This visit to the capital has been no less productive. He and Sherman cycled to the V&A to see the design exhibition Telling Tales (a qualified thumbs up), and yesterday (Thursday) they biked to Southwark to see Roger Hiorns’ Seizure, in which a council house has been coated in copper sulphate. “It’s like the JG Ballard story where everything turns to crystal. The whole ceiling, doors walls – everything’s covered with pretty sizable crystals – pretty amazing! Pretty amazing! And finding it was not easy at all.”
And this, really, is the essence of David Byrne. He could, we may assume, afford to take a taxi, but, armed with his free maps from the London Cycle Campaign, he chooses to bike it, even when his journey involves an encounter with the Elephant and Castle roundabout.
“Oh my God! Yes. I’ve heard that roundabouts are good for traffic, better than stoplights. Some guy [Tom Vanderbilt] has a book out called Traffic; there was a study, and there are fewer accidents on roundabouts than traffic lights because on roundabouts, it’s so precarious, you have to really be aware, and stop texting on your cellphone. Whereas with stoplights, people feel like the light does the job for them. So they’ll pull out when it turns green, and not think that someone else may have missed the light.”
Byrne eschews Lycra, and has been known to tie a raccoon tail to his helmet, but he is a serious cyclist. He has been an effective campaigner in New York: the city adopted his half-serious proposal for bespoke bicycle racks (dollar-bill shaped for Wall Street, bottle-shaped for The Bowery).

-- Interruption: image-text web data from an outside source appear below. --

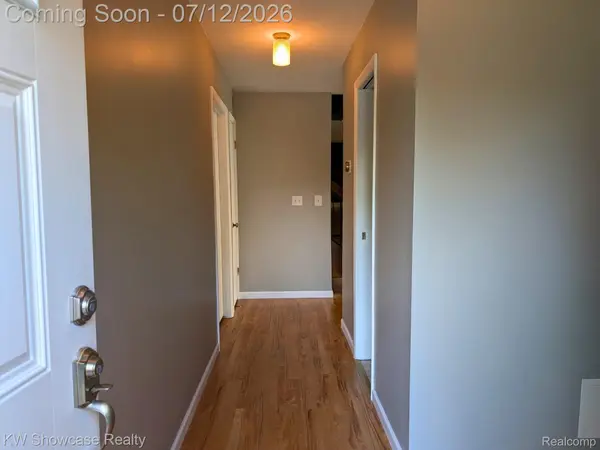 6164 Palomino CT #4, West Bloomfield Charter Township, MI 48322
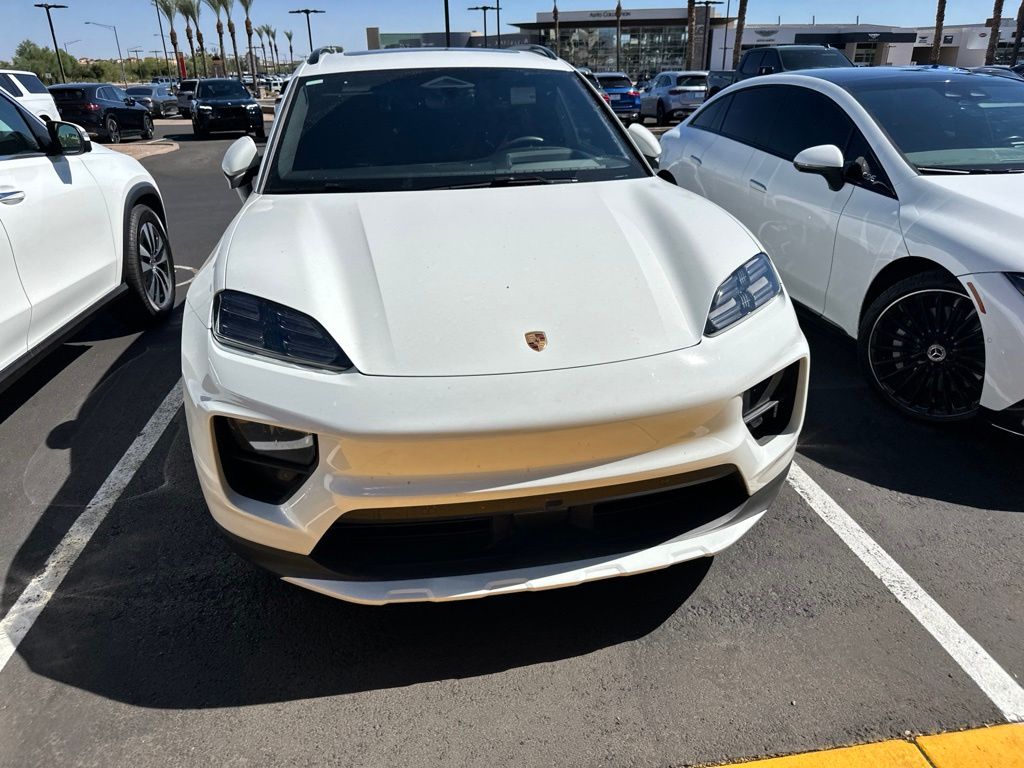 Thumbnail: 2024 Porsche Macan - 2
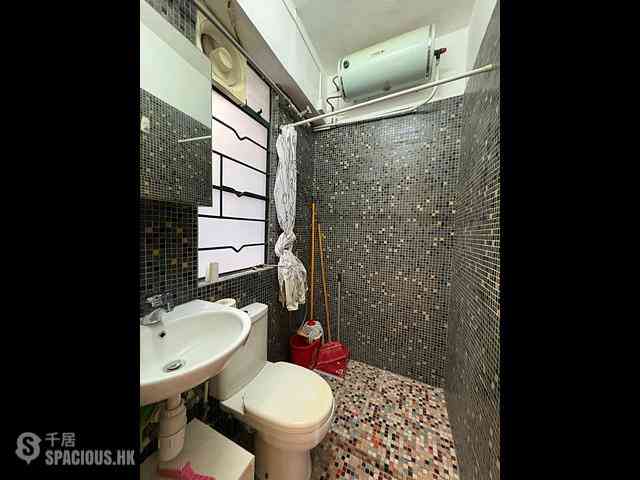 Sai Ying Pun - Nam Cheong House 04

Much of his thinking about cycling has been influenced by the visionary approach of Enrique Peñalosa, the former mayor of Bogota, in Colombia. Peñalosa brought his city centre back to life by maximising public transport and returning the streets to pedestrians and cyclists. He also stated that unless a cycle lane is safe for an eight year-old, it isn’t a cycle lane. So what does Byrne think about London?

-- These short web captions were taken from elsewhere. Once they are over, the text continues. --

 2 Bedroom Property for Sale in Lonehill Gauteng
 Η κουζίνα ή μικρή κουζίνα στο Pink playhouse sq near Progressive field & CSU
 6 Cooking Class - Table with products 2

“Cycling in London is kinda weird. There’s a group I contacted a year or so ago, the Warrington Cycle Campaign. They have pictures of poor urban planning where the bike lane goes straight into a wall, or steers you into traffic. I thought, maybe that’s the suburbs. But, I have to say, London has its share of that too - look how many of these bike lanes only last 10 metres. You’ll think, ‘Oh good, it’s going my way,’ and the next thing you know, it’s gone.”
It was Sherman who pointed out to him that, unlike New York, London comprises a collection of villages. “You really sense that when you’re cycling around. Cars and taxis will tend to take the big, busy streets. When you’re cycling you take little back roads, and you really get a sense of this being one village and then it’s a transition and you’re in another village – where people really identify with working or living in that place.”
This emphasis on community is one of the underlying themes in Byrne’s journal. He’s never happier than when cycling through a mixed community full of mom-and-pop stores, with no sign of corporate chains. (His Baltimore childhood memories predate the arrival of malls). But while the book gives a good account of his thinking, there are only a few fragments of significant autobiography.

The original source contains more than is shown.